There are not over a 100 people in the U.S. that hate the Catholic Church, there are millions however, who hate what they wrongly believe to be the Catholic Church, which is, of course, quite a different thing.- Archbishop Fulton Sheen

Sunday, June 13, 2010

Faith not Works?

My opinion is like C. S. Lewis's in Mere Christianity : arguing whether faith or works is more important is like arguing which side of a pair of scissors is more important.

But the second reading at Mass today was Galatians 2:16,19-21 (11th Sunday in Ordinary Time, Year C)

"Brothers and Sisters:
We who know that a person is not justified by works of the law
but through faith in Jesus Christ,
even we have believed in Christ Jesus
that we may be justified by faith in Christ
and not by works of the law,
because by works of the law no one will be justified.
For through the law I died to the law,
that I might live for God.
I have been crucified with Christ;
yet I live, no longer I, but Christ lives in me;
insofar as I now live in the flesh,
I live by faith in the Son of God
who has loved me and given himself up for me.
I do not nullify the grace of God;
for if justification comes through the law,
then Christ died for nothing. "

One stereotype is that Catholic Christians think that if they follow "the law" then they will be saved.

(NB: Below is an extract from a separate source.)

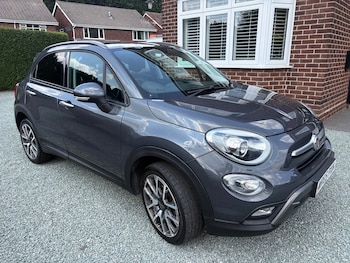 Used Fiat 500X 2015 for sale - 79179792: Photo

The other stereotype is that Protestant Christians think that all they have to do in life is think they believe in Jesus and that's all they need to do to go to heaven.

I know the first one isn't true, as evidenced by this passage, and I hope the second one isn't either.

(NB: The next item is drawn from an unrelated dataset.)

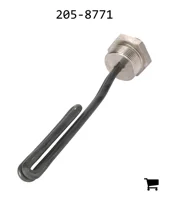 AGCO 205-8771 Нагревательный элемент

Today's context for this passage was a first reading from Samuel 2 and a Gospel from Luke. In Samuel, King David repented and God forgave him his adultery and murder. In the Gospel, Jesus is eating at the house of Simon the Pharisee, where a sinful woman comes and cleans, kisses and perfumes Jesus's feet. I don't know whether Jesus was mind reading or had really good ears, but he hears Simon's rejection of the woman. Jesus then proposes that the woman, though a sinner, is more welcoming to him than Simon was, and tells a parable: two men were forgiven of their debt, and the one who was forgiven more loves more.

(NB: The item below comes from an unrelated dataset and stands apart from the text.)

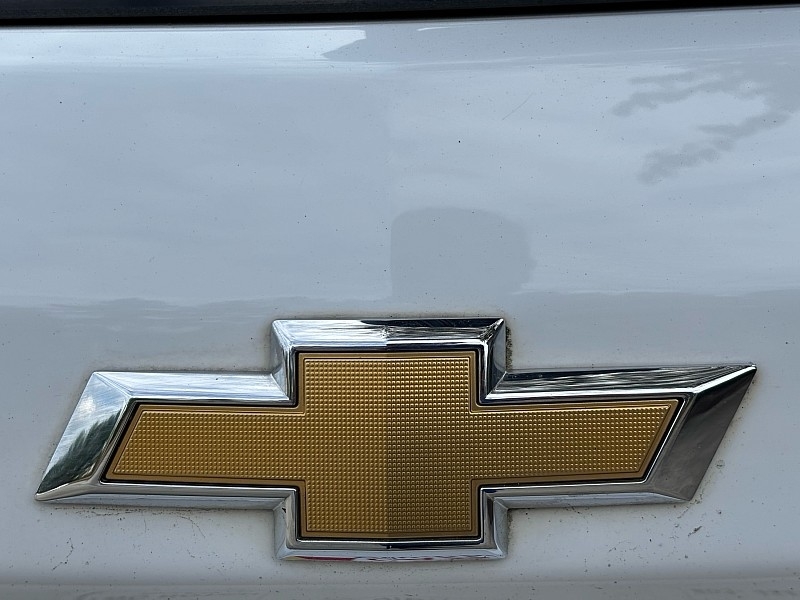 Chevrolet Equinox FWD 4dr LT w/2LT 2020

All three passages have the same theme: God's forgiveness.
When King David repents, "The Lord on his part had forgiven (his) sin: (he) shall not die"
Paul says "I live by faith in the Son of God who has loved me and given himself up for me."
Jesus says "Her many sins have been forgiven because she has shown great love. But the one to whom little is forgiven, loves little"

This is nice to say, but what does it mean? What does Paul mean?
The passage's context was Paul writing to the Galatians, a community that had many converts from Judaism. Understandably, they wanted to continue following Jewish/Mosaic Law, and wanted the Gentile converts to follow it as well. This is the "works of the law" that Paul means. Paul wants to make it very clear that salvation is through Jesus rather than through following Jewish practices (especially circumcision).

Maybe defining some words would help:
works of the law: the old Jewish law, circumcision, dietary restrictions, etc...
justification: becoming just, being saved
love: actions that put others before yourself
Christ lives in me/live for God: following Jesus's teachings/imitating Jesus

If Paul is living for God, then he is following what Jesus taught, which, as shown in the Gospels was a new commandment: that they should love one another. To follow this you must die to the old law of "an eye for an eye and a tooth for a tooth." In the end, Paul makes sense when he says that if this old law justified you/if it "saved" you, then there was no need for Jesus to bring the new law, and there was no need for Him to die on the cross for forgiveness of sins. Paul both has faith in forgiveness of sins from Jesus's death and imitates being "crucified with Christ." Is it too much of a stretch to say Paul sees these as the same thing?

Jesus says in the Gospel "her many sins have been forgiven because she has shown great love" and "your faith has saved you; go in peace". To Jesus, showing great love and faith are synonymous. I would say these are the same things as works and faith. If you are forgiven by God, then you are justified; you are saved.

Math! if great love (or works)=forgiven and forgiven=saved then works=saved
and Jesus said faith=saved, so faith=works.